中学時代の同級生が、長い長い都会生活に別れを告げ、このたびふる里岩国へ帰ったよ、との葉書をくれた。「ようやく岩国に帰りました、いずれお会いできる機会があれば・・・」と、昔のまんま彼の人柄を偲ばせる丁寧な報せである。
思い起こせば70年前、互いに紅顔の美少年??だったころ、別々の小学校から一つの中学校に。そこで初めての出会いである。気は優しくて力持ちを地で行くような、柔和な柔道部員であった。何故かウマが合って2年・3年時代は何かにつけてそばにいてくれたような、そばにいたような気がしている。学業も私なんぞとは比べ物にならないほどよくできて、大学に進学した。

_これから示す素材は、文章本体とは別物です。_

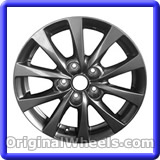 mazda cx5 wheel part #64994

そして不思議なご縁はまだ続いていた。私は高卒で地元大企業に就職した後、彼は同じ会社に本社採用で入社し研究所畑を歩いていた。レールは異なるが同じ釜を飯を食った誇らしい同級生の一人である。そして50歳を迎えたときの中学校同窓会に出席して以来、喜寿までに8回開催した中学校同窓会の準レギュラーとして数回参加してくれた。
晩年の私に本社勤務が命じられたとき、本社デスクにいち早く訪ねてきて夕食を共にしながら、本社事情を色々話してくれたのも彼である。今では中学校同窓会を開く馬力もなくなったが、個人的な付き合いは出来る。もうしばらく同じ空気を吸える懐かしの友の出現はありがたい。